Preclinical and clinical evidence on the approach-avoidance conflict evaluation as an integrative tool for psychopathology

F Rusconi 1,, M G Rossetti 2, C Forastieri 1, V Tritto 1, M Bellani 3,, E Battaglioli 1
PMCID: PMC9762142  PMID: 36510831

Abstract

The approach-avoidance conflict (AAC), i.e. the competing tendencies to undertake goal-directed actions or to withdraw from everyday life challenges, stands at the basis of humans' existence defining behavioural and personality domains.

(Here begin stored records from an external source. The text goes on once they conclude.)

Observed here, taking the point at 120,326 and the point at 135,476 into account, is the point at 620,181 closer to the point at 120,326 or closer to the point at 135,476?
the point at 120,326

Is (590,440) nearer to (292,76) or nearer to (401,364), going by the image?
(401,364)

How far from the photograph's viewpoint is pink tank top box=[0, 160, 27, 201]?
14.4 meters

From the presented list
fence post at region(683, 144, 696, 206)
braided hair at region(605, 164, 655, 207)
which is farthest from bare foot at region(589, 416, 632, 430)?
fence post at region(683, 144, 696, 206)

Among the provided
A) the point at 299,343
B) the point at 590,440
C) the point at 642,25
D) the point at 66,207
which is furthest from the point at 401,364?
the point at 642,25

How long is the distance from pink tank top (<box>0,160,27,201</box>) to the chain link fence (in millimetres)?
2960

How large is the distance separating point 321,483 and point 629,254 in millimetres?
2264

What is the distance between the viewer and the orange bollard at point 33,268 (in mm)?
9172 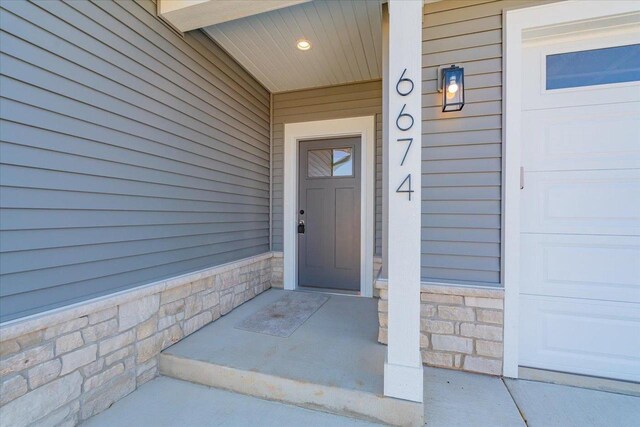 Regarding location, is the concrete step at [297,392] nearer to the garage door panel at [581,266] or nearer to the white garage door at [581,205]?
the white garage door at [581,205]

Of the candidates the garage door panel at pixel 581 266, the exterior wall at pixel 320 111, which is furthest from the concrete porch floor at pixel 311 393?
the exterior wall at pixel 320 111

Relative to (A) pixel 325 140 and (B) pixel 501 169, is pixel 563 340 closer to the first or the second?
(B) pixel 501 169

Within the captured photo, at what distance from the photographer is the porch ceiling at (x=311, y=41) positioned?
92.0 inches

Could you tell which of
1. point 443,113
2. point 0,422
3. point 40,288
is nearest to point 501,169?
point 443,113

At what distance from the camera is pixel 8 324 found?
1.35m

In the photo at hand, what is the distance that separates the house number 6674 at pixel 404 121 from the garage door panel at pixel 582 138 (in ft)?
3.93

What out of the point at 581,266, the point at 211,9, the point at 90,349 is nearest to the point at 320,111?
the point at 211,9

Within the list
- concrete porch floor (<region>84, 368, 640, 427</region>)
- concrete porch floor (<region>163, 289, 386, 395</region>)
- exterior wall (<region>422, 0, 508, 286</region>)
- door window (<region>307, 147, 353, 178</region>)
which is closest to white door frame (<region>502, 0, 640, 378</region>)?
exterior wall (<region>422, 0, 508, 286</region>)

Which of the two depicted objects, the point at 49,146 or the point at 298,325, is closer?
the point at 49,146

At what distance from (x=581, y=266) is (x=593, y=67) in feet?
4.67

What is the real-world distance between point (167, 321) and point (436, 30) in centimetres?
310

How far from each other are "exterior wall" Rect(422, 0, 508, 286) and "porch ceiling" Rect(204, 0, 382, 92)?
64 centimetres

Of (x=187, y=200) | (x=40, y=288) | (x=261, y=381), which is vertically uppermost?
(x=187, y=200)

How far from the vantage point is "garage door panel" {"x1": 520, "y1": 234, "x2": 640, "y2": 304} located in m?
1.92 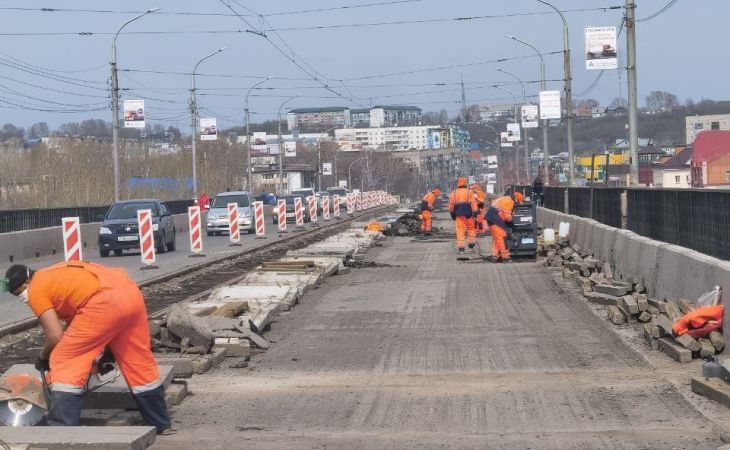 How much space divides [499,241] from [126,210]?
39.6ft

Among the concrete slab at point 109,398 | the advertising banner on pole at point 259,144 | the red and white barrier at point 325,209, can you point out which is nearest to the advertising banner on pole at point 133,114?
the red and white barrier at point 325,209

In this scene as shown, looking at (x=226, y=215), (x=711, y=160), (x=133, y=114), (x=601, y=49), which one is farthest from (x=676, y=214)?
(x=133, y=114)

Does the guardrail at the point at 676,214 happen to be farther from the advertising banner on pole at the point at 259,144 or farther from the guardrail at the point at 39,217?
the advertising banner on pole at the point at 259,144

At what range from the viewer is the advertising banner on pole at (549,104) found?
5078 centimetres

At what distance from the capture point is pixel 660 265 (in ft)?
51.4

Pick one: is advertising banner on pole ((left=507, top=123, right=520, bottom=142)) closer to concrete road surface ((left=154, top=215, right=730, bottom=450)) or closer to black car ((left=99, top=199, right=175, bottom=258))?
black car ((left=99, top=199, right=175, bottom=258))

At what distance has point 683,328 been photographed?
11.8 metres

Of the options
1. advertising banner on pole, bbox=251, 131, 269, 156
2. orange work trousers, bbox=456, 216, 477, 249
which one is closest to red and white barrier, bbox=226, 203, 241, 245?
orange work trousers, bbox=456, 216, 477, 249

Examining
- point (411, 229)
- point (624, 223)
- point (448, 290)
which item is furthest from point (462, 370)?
point (411, 229)

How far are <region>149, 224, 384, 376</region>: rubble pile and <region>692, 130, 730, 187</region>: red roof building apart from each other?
18375 mm

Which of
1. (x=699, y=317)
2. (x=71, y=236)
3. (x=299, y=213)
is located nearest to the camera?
(x=699, y=317)

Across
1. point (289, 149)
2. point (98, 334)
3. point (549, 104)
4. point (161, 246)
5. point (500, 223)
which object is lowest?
point (161, 246)

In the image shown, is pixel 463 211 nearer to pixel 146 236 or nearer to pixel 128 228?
pixel 146 236

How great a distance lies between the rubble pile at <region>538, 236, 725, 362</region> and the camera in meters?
11.5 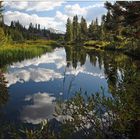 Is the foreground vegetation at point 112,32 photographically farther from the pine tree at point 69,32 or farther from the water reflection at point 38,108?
the water reflection at point 38,108

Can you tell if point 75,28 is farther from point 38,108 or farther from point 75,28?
point 38,108

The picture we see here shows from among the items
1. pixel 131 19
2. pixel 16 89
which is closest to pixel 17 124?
pixel 16 89

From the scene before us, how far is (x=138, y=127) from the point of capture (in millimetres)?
8023

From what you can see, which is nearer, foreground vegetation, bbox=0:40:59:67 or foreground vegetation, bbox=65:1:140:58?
foreground vegetation, bbox=65:1:140:58

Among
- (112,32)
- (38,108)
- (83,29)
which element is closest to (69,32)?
(83,29)

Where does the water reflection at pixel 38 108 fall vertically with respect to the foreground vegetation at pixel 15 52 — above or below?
above

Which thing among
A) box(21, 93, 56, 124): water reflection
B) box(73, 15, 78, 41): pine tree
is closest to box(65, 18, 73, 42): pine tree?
box(73, 15, 78, 41): pine tree

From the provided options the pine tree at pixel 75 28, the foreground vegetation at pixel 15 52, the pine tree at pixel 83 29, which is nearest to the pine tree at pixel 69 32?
the pine tree at pixel 75 28

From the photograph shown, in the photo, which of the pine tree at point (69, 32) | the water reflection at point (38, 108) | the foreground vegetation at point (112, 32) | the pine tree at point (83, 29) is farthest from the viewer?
the pine tree at point (69, 32)

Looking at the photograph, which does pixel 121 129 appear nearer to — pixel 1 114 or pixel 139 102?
pixel 139 102

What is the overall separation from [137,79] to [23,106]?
968cm

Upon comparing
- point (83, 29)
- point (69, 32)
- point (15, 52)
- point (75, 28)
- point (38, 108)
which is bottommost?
point (15, 52)

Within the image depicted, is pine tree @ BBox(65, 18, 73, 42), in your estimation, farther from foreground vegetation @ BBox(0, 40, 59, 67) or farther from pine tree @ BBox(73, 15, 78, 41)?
foreground vegetation @ BBox(0, 40, 59, 67)

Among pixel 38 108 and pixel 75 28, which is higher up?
pixel 75 28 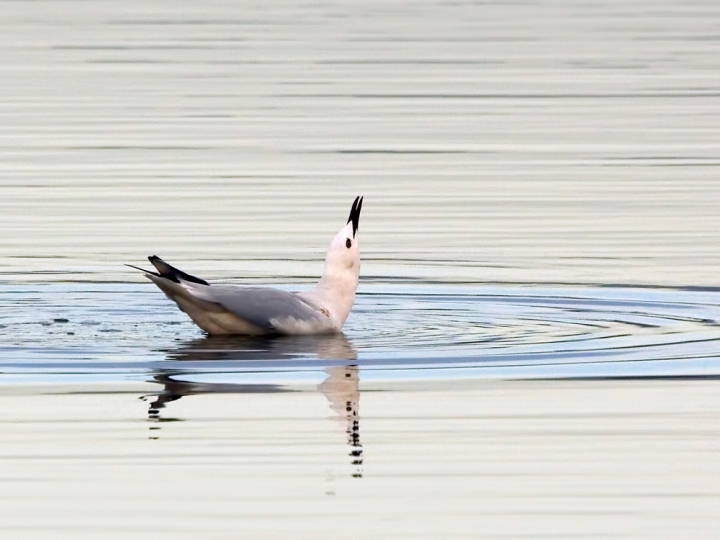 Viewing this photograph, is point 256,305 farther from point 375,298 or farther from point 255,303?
point 375,298

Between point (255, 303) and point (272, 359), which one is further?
point (255, 303)

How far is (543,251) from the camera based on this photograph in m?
16.5

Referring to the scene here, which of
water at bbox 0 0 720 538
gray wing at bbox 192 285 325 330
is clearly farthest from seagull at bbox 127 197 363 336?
water at bbox 0 0 720 538

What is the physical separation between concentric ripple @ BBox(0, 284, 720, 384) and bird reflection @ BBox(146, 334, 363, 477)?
0.06 feet

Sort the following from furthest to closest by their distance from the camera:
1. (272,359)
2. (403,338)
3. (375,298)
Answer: (375,298), (403,338), (272,359)

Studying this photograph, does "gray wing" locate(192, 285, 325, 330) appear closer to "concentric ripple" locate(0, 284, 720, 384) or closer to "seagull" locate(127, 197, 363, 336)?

Gray's Reinforcement Sensitivity Theory posits that a stable bias toward approach or avoidance represents a psychopathological trait associated with excessive sensitivity to reward or punishment. Optogenetic studies in rodents and imaging studies in humans associated with cross-species AAC paradigms granted new emphasis to the hippocampus as a hub of behavioural inhibition. For instance, recent functional neuroimaging studies show that functional brain activity in the human hippocampus correlates with threat perception and seems to underlie passive avoidance. Therefore, our commentary aims to (i) discuss the inhibitory role of the hippocampus in approach-related behaviours and (ii) promote the integration of functional neuroimaging with cross-species AAC paradigms as a means of diagnostic, therapeutic, follow up and prognosis refinement in psychiatric populations.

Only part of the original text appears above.